Ho ascoltato, di recente, in una scuola superiore, due adulti affermati invitati per incontri con i ragazzi del triennio. Una docente universitaria, donna di marketing, si lamentava che i ragazzi tendono a non fare gli Erasmus, non capendo questa non-voglia di viaggiare…; un altro, uomo di economia, concludeva ricordando che bisogna avere spinta nella vita: un rimprovero sostenuto da Steve Jobs, guru della Apple, il quale aveva coniato l'espressione M.Y.A., che, senza essere volgari, vuol dire "datti una mossa”.

Ricordiamo che l’Italia è ai primi posti per i Neet, quei giovani usciti dai radar sociali, non inseriti in un circuito formativo o lavorativo, il corrispettivo degli Hikikomori giapponesi, chiusi in casa e collegati al mondo con la tecnologia.

Riferisco di un'altra esperienza. Selezionando i candidati per il nostro Istituto universitario, area di Pedagogia, mi sono imbattuto in un’altra tribù di personaggi, forse invisibili più dei Neet. Persone che scelgono un orizzonte professionale educativo, pur sapendolo economicamente non riconosciuto, grazie ad una storia personale lontana da facili emotivismi ma vicina alle persone. Persone bisognose di cure.
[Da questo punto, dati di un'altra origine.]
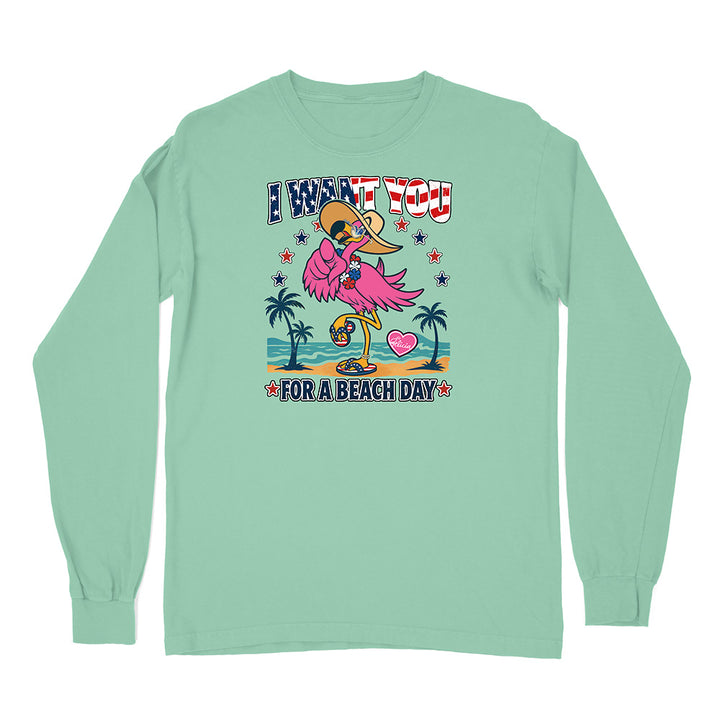 Mint green long-sleeve shirt with a flamingo graphic and text on a white background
C'è chi ha accudito il fratello più piccolo o il nipotino, chi ha assistito la madre malata, chi è stata scelta dalla maestra per dare una mano ad un compagno diversamente abile, chi per anni ha fatto l'animatrice nel centri estivi. Storie discrete: sussurrate, a volte commosse. Storie che segnano più dei tatuaggi. Una mi ha colpito: una ragazza che ha aiutato a curare un cugino con una disabilità, che poi è mancato, e al quale ha fatto la promessa di darsi nell'educativo.

C’è ancora chi promette, che fa dei patti... Il pensiero va a papa Francesco che ricorda l'urgenza di fare un patto globale per un villaggio educativo, dove possano crescere delle persone capaci di aprirsi agli altri. Ci sono mani in cui è possibile lasciare questa grande eredità. Si può morire in pace, magari commuovendosi un po'.